• [What you are asked to do]: From the listing below, please restate exactly the lines beginning at the one with "Styler Brand Dark" and ending at the one with "Stuttgart flagga nyckelring", both included, and skip the pictures.

• [Record set]:
== Segment start ==
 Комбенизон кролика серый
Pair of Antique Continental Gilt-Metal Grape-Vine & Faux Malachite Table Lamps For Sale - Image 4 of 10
== Segment end ==
== Segment start ==
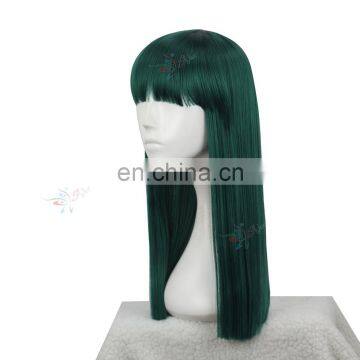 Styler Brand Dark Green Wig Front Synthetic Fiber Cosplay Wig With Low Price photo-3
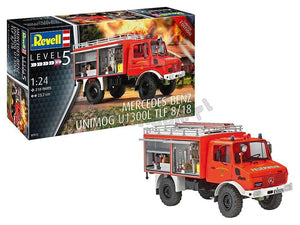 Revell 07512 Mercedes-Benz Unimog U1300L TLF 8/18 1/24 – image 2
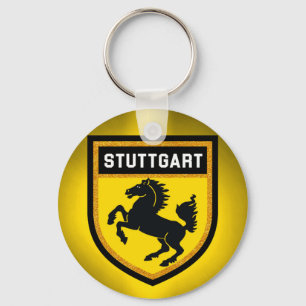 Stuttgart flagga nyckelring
== Segment end ==
• [Answer for this exercise]:
 Styler Brand Dark Green Wig Front Synthetic Fiber Cosplay Wig With Low Price photo-3
 Revell 07512 Mercedes-Benz Unimog U1300L TLF 8/18 1/24 – image 2
 Stuttgart flagga nyckelring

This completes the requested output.